[Image-text web data]
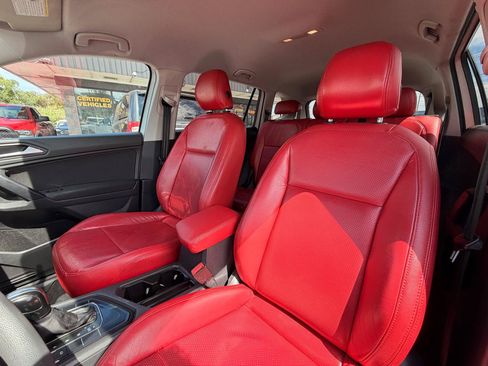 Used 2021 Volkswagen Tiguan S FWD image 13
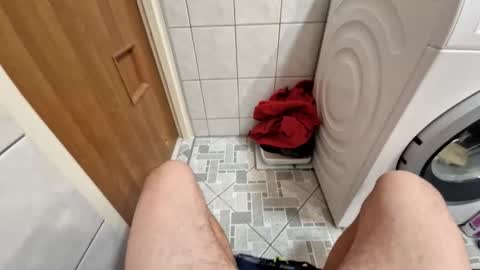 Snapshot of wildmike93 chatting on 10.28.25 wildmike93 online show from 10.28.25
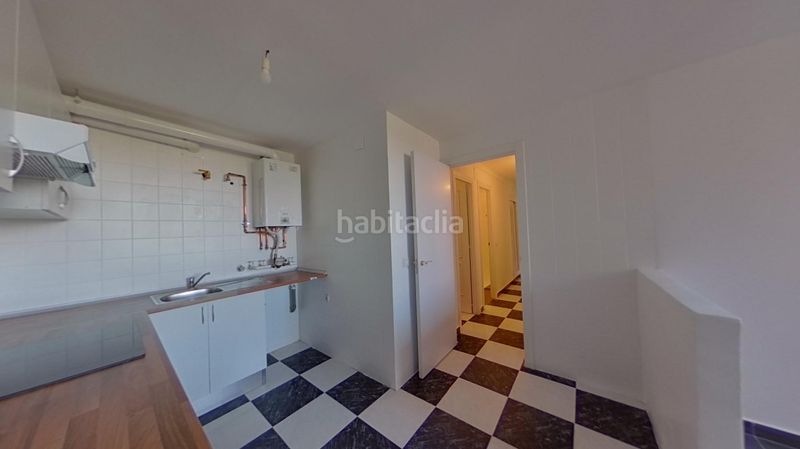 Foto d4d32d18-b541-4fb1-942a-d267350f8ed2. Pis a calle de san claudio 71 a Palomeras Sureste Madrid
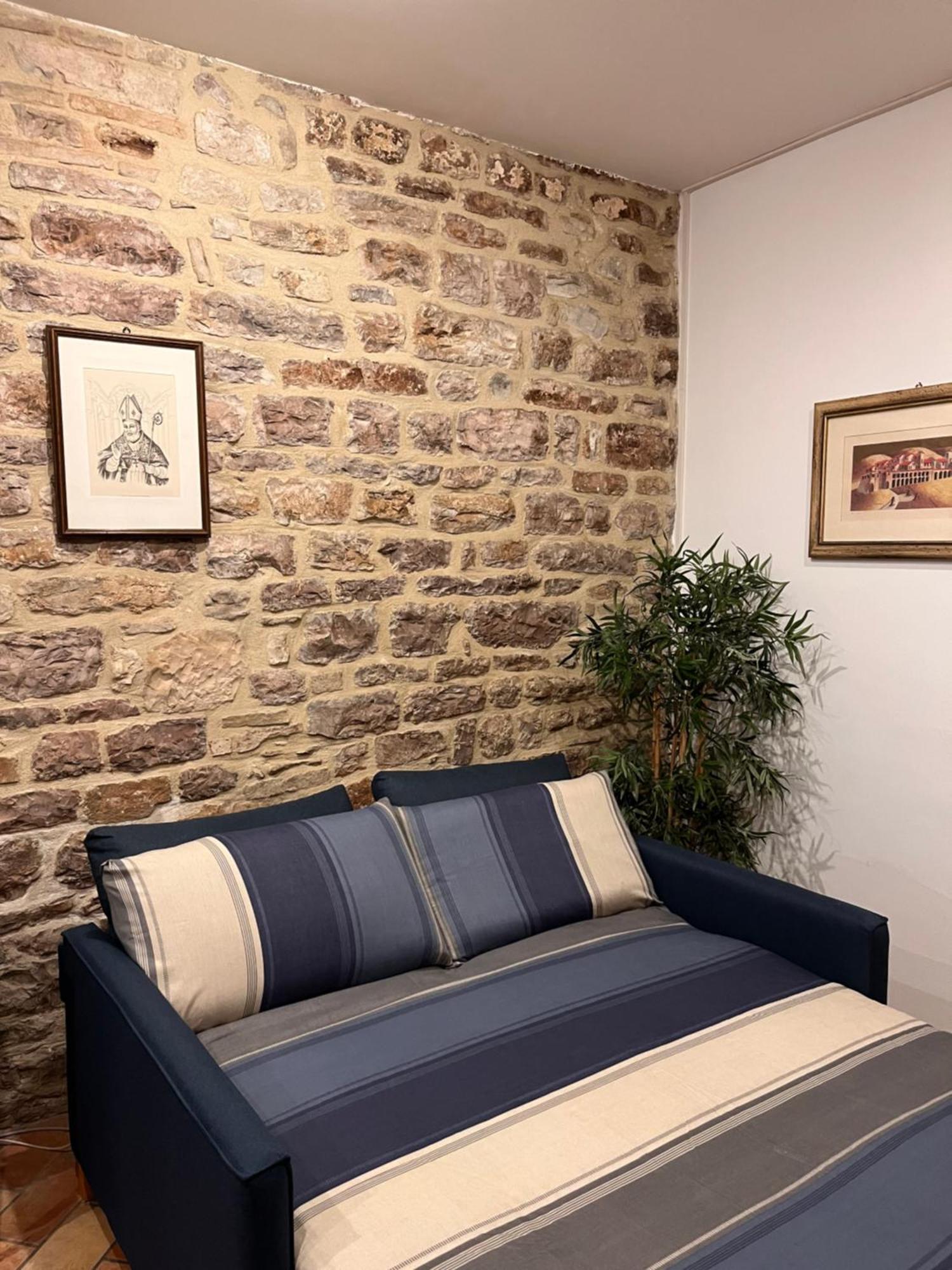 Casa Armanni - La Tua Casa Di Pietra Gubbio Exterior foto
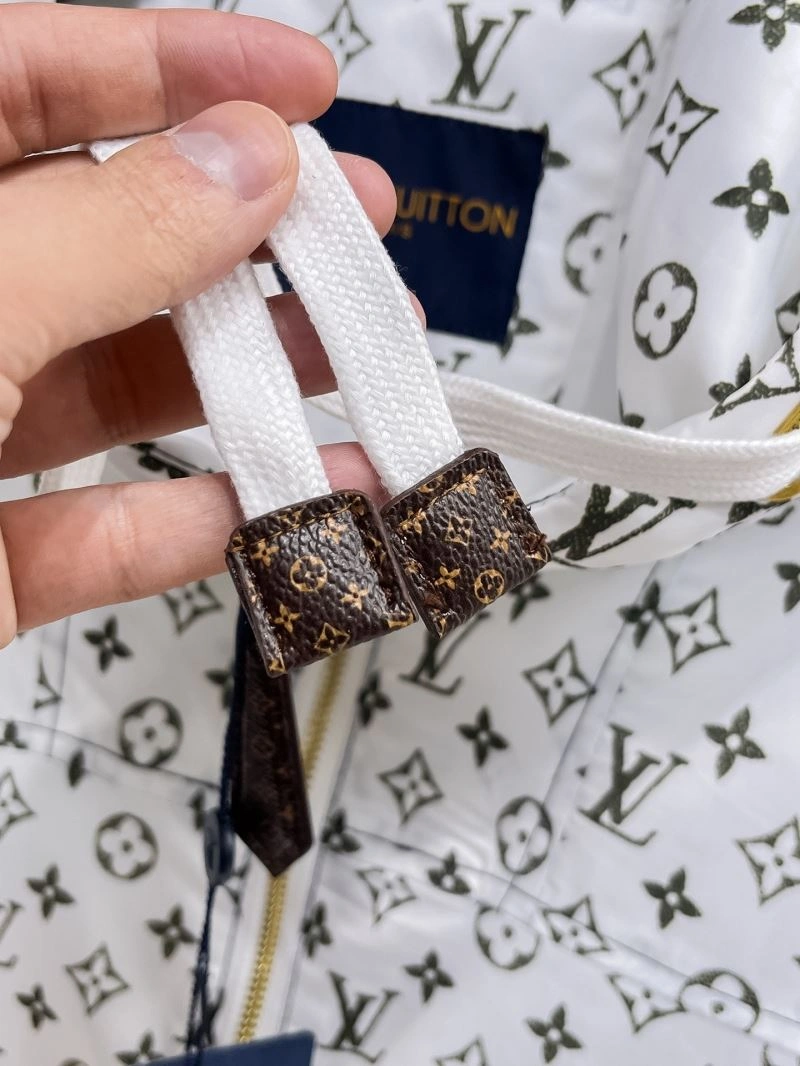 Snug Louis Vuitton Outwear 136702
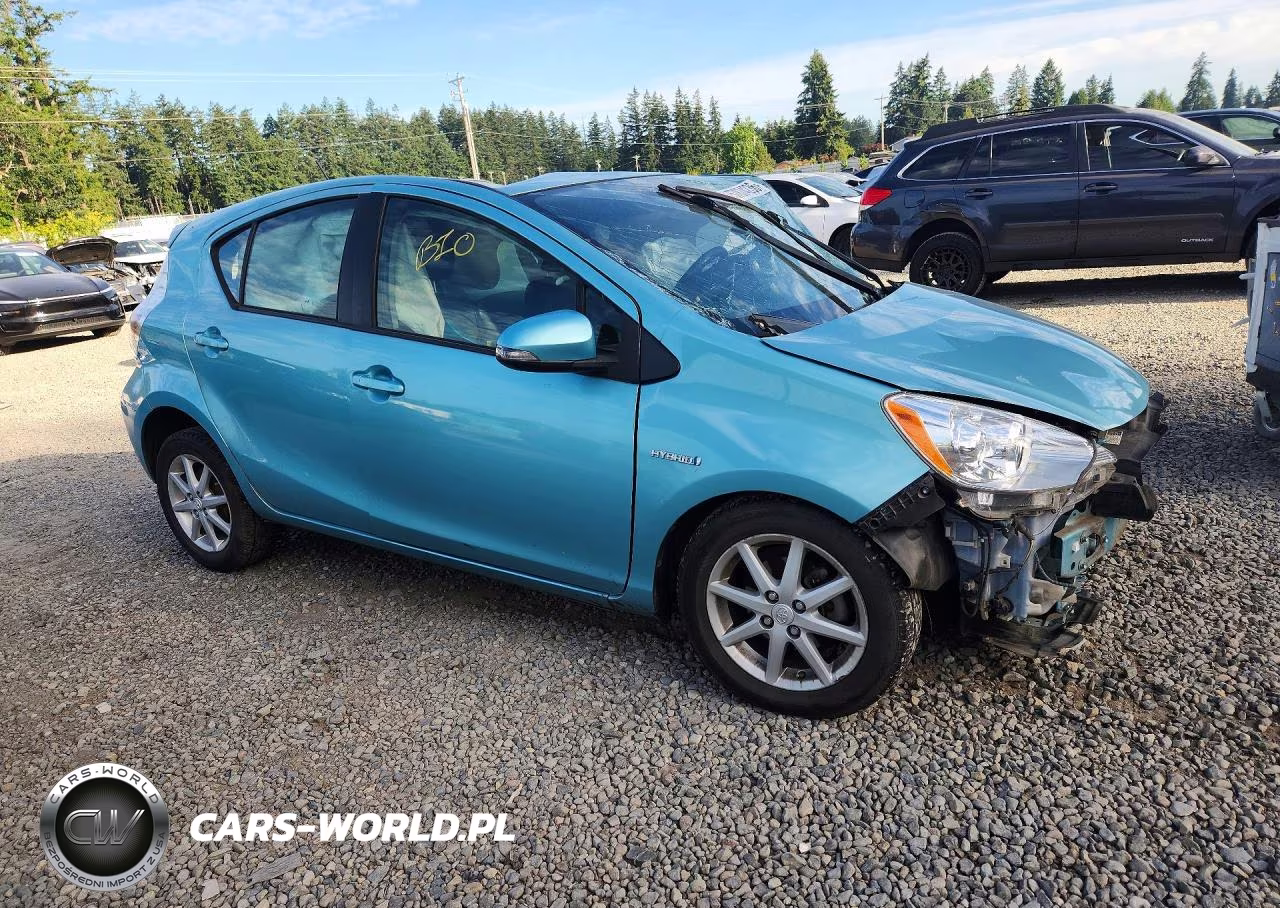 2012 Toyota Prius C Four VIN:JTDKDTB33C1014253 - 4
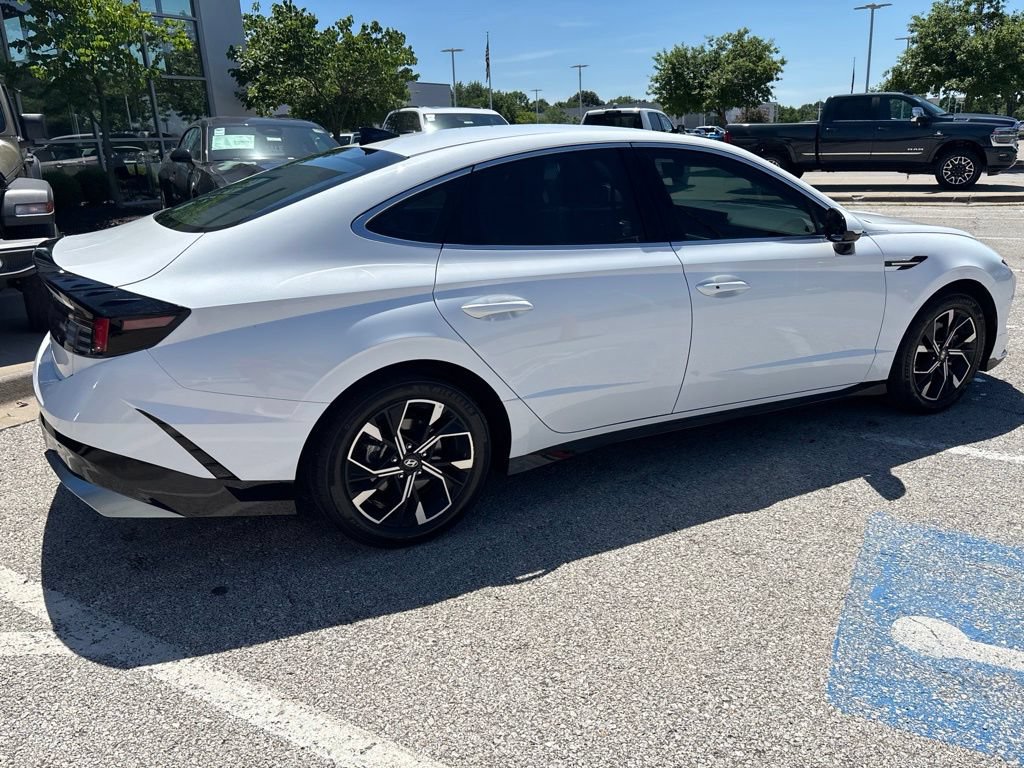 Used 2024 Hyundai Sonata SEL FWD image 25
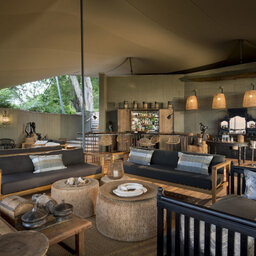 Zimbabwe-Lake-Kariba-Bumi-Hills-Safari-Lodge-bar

Assignment:
Beginning with the line holding "Casa Armanni - La", copy each line exactly through the end of the records above, and leave every picture out.

Solution to this problem:
 Casa Armanni - La Tua Casa Di Pietra Gubbio Exterior foto
 Snug Louis Vuitton Outwear 136702
 2012 Toyota Prius C Four VIN:JTDKDTB33C1014253 - 4
 Used 2024 Hyundai Sonata SEL FWD image 25
 Zimbabwe-Lake-Kariba-Bumi-Hills-Safari-Lodge-bar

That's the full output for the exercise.